I wouldn't presume to talk about Dzogchen since my experience is little. But this statement, with respect, is "a total misconception (outsider view)" of Zen.
flavio81 wrote:Would you please elaborate on what do you mean with "Zen is not bound to any method"? This is puzzling me.
Not to speak for Astus, but this is commonly used language in Zen.
The point is that because Zen takes recognition of one's nature (kensho) as its gate, and ongoing recognition as the lifelong practice after initial awakening, there are no fixed methods. Any method, text or teaching could be taken up if it fulfills the purposes of all Zen practices, i.e. to remove obstructions to seeing one's nature, and/or to directly point it out, and/or to embody/actualize it.
Of course most Zen students will indeed practice zazen (understanding that "zazen" can be a general term referring to many practices in various teaching lines that happen to be done in the 7-point posture). But not all. Since the capacity and conditions of students obviously differ (as well as the traditions of each line) there is no fixed Zen curriculum of practice, and plenty of things besides zazen to take up. Actually, I'm reminded that a koan within one of the most important series used in Rinzai lines deals with the usefulness of teachings of even non-Buddhist traditions, when approached from the standpoint of the essential realization of Zen.
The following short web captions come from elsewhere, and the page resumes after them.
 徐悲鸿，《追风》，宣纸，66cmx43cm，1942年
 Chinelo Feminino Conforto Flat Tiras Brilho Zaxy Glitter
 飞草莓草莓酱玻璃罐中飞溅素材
Aside from this general approach, there is the bringing of the student to awakening within the
ba (field) and by means of the
kiai (energy) of the teacher; this has no fixed method. Another koan, case #16 in the Hekiganroku, deals specifically with aspects of this "direct pointing to the mind". And finally there is the barrier of advanced practice which is not fixed at all in terms of method, and so is called the practice which even the Patriarchs can't transmit.
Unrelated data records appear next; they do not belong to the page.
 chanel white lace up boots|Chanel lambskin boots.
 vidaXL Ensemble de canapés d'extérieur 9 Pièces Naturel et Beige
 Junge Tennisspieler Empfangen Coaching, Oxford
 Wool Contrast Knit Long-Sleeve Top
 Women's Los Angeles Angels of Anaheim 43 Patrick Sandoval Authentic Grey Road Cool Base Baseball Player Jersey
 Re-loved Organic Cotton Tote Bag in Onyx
All of the above is a classically Rinzai way of describing things. Other Zen folks may have different ways of saying it.
Sönam wrote:Nothing else can be compared to Great Perfection ... and certainly not sutra teachings of anykind.
I respect this statement, coming from within a sublime tradition. As most folks are aware Zen has plenty of triumphalism as well: long texts explaining how it is outside the "teaching schools" (traditions depending on sutra/tantra) because it is a direct awakening to one's own Dharmakaya wisdom and takes that awakening as its practice...how it simultaneously integrates and transcends all the teachings and methods of the Three Vehicles as the supreme One Vehicle...how other paths are slower, less direct, etc. etc. At the end of the day I find such statements useful because they serve to clarify the essential points of the tradition making them, and to increase the faith of their intended audience.
That being said, I do think it wonderful and correct when practitioners view the tradition they've inherited from their teachers to be the best, supreme, highest and most excellent.